Data for this exercise -

════════════════

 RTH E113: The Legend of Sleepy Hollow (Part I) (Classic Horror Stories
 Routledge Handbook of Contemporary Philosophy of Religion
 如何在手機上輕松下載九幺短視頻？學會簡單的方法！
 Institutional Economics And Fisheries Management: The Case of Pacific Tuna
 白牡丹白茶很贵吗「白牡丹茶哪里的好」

════════════════

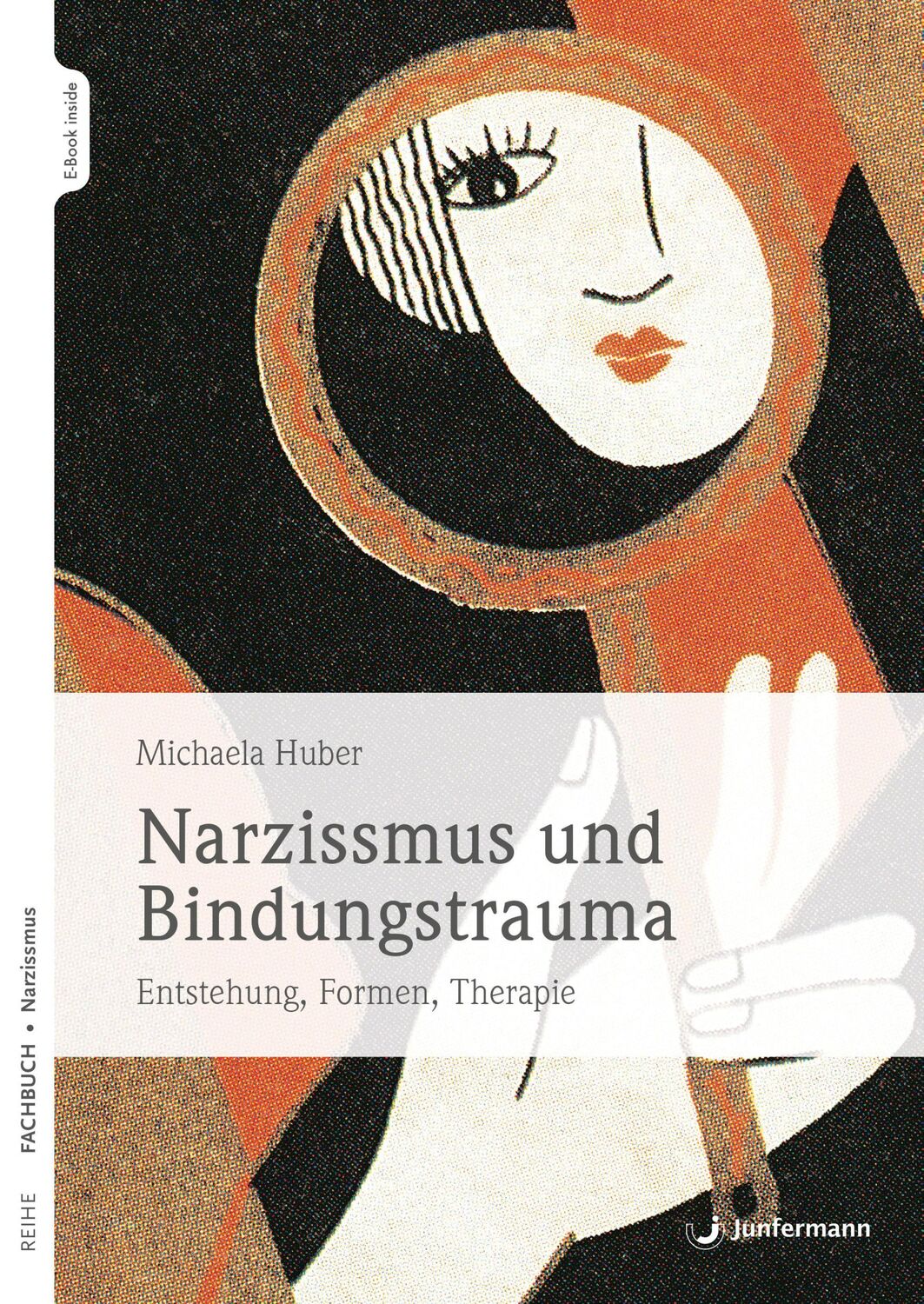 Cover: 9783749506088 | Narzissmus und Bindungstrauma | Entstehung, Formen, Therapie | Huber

════════════════

Problem to solve - Could you repeat exactly the lines in the listing above from the one with "Routledge Handbook of" down to the one with "白牡丹白茶很贵吗「白牡丹茶哪里的好」"? Include both of those lines.

Response to the exercise -
 Routledge Handbook of Contemporary Philosophy of Religion
 如何在手機上輕松下載九幺短視頻？學會簡單的方法！
 Institutional Economics And Fisheries Management: The Case of Pacific Tuna
 白牡丹白茶很贵吗「白牡丹茶哪里的好」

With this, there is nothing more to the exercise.